How do You Engage People?

Gartner analyst Adam Sarner released a report and and published a Forbes article on what this means for marketers and businesses trying to engage customers. Jeremiah Owyang also had very insightful comments about engaging people in online communities.

If you are going to use Online Communities to improve your corporate productivity, its important to understand the ideas because some of the challenges are a little different as are some of the opportunities.

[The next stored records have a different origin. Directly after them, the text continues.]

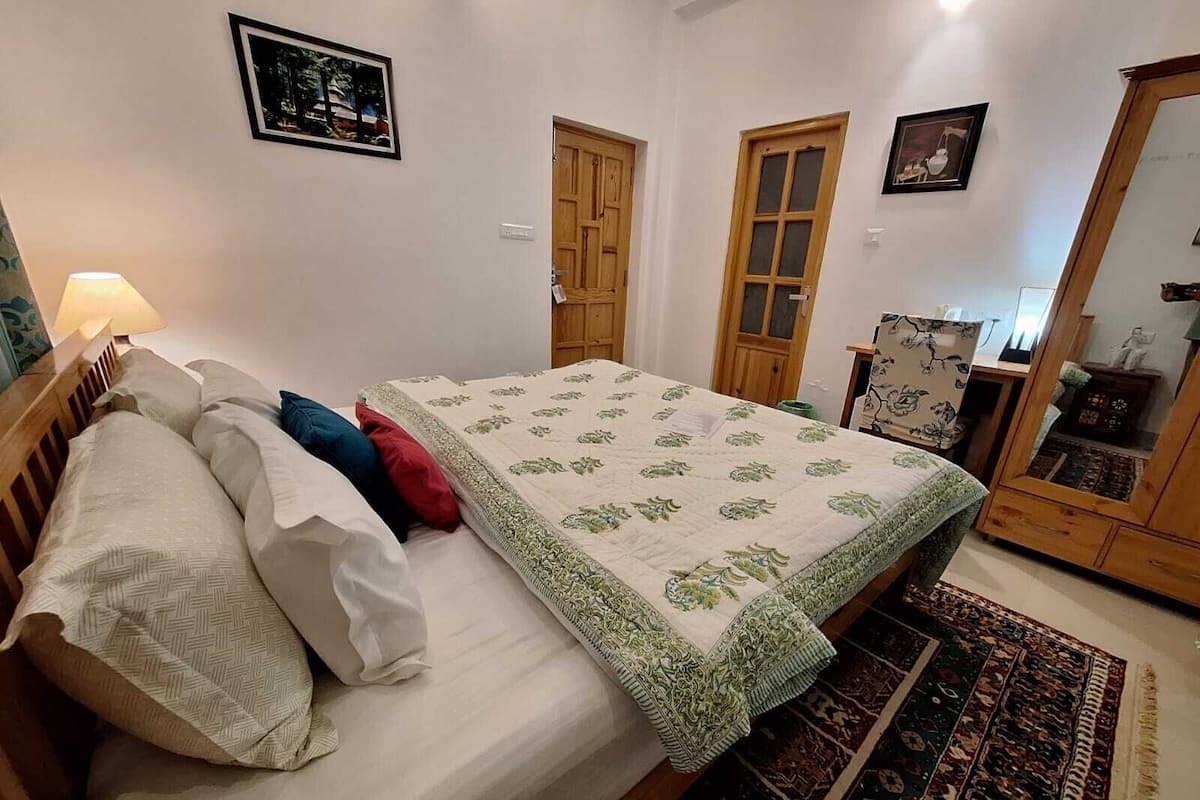 A bedroom with a bed, a wooden wardrobe, and a chair.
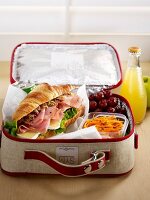 Croissant-Sandwich mit Möhrenrohkost und Trauben in Lunch-Koffer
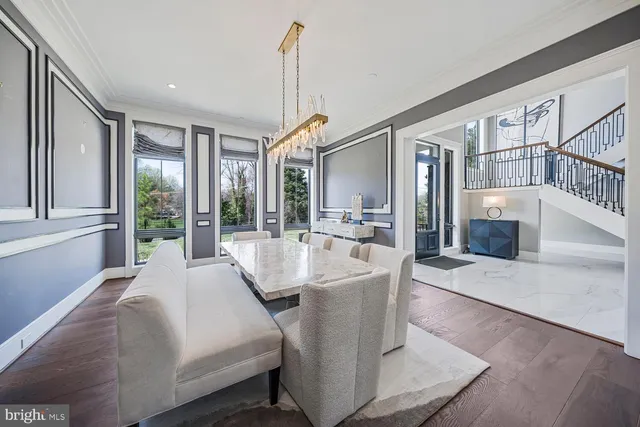 a living room with patio furniture and a large window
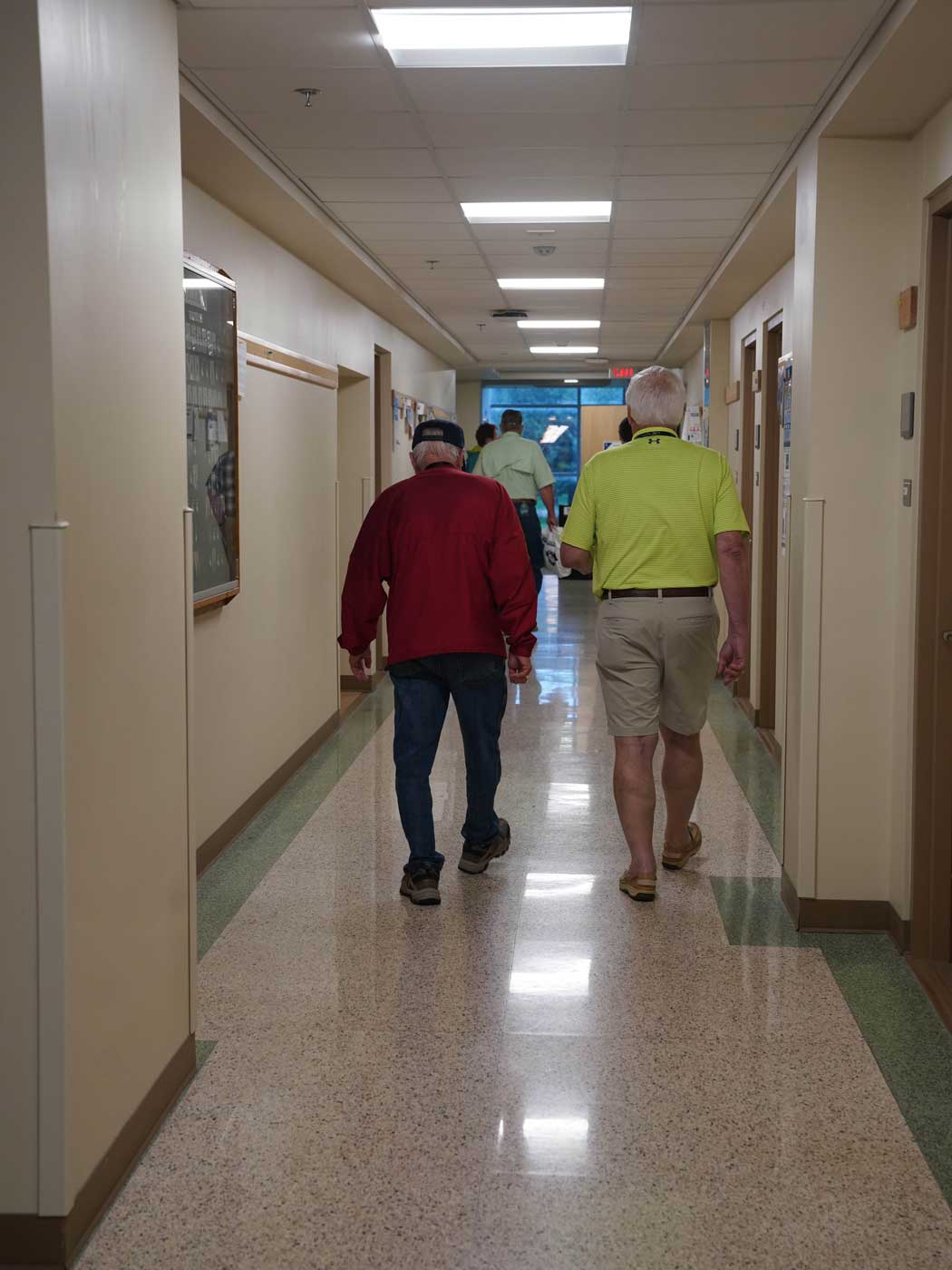 two men walking away from the camera down a school hallway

Gartner's The Four Levels of Engagement:
  • Up to 3 percent of individuals will be creators, providing original content and can be advocates that promote your product and services.
  • Between 3 percent and 10 percent of individuals will be contributors, essentially followers, who add to the conversation, but don't initiate it. They can recommend products and services as customers move through a buying process, looking for purchasing advice.
  • Between 10 percent and 20 percent of individuals will be opportunists, who can further contributions regarding purchasing decisions. Opportunists can "add value" to a conversation that's taking place, while walking through a considered purchase.
  • Approximately 80 percent of individuals will be lurkers (and all users start as such), essentially spectators, who reap the rewards of online community input, but only absorb what is being communicated. However, they can implicitly contribute and validate indirectly reporting the value from the rest of the community.
The Challenges
The biggest challenge is the number of people participating on internal online communities. If you have a potential customer community of tens-, hundreds of thousand or millions of customers, having 3% creators, 3 to 10% contributors, 10 to 20% opportunists is probably survivable. The large numbers of potentials mean that you'll get enough members contributing to make a difference.

If you have a team of 50 people who are distributed around the world and you want them to participate, 3% participation is pretty scary. [Editor: actually, it's your participation that's pretty scary.]

The Opportunity
The opportunity really lays in creating a way for the lurkers to participate. Prediction markets, polls, questions and answers must be aligned in ways that get meaningful input from a broader group without requiring large investments of time.

The goal of two to three minutes a week should be the first step in engaging lurkers. You must track when they have engaged and acknowledge it. The immediate recognition of a lurkers new engagement will be key to engaging them further. Their engagement must be meaningful and productive if companies are going to derive value from online communities.

People participate and engage in a community because they feel recognized and that they are a part of something larger than themselves. For businesses this offers a great advantage. Projects engage people in the business and intelligent use of online communities increase focus and productivity.

Photo credit: jeremiah_owyang

1 comment:

Jerri said...

I love this article.
Exploring new ways to engage customers and recognizing the influence of online communities is vital. It seems like we are still trying to engage/reach that 80%, but today their ability to indirectly report your products value to the rest of the community has greatly increased!

Your trackbacks are excellent. Thanks for the info.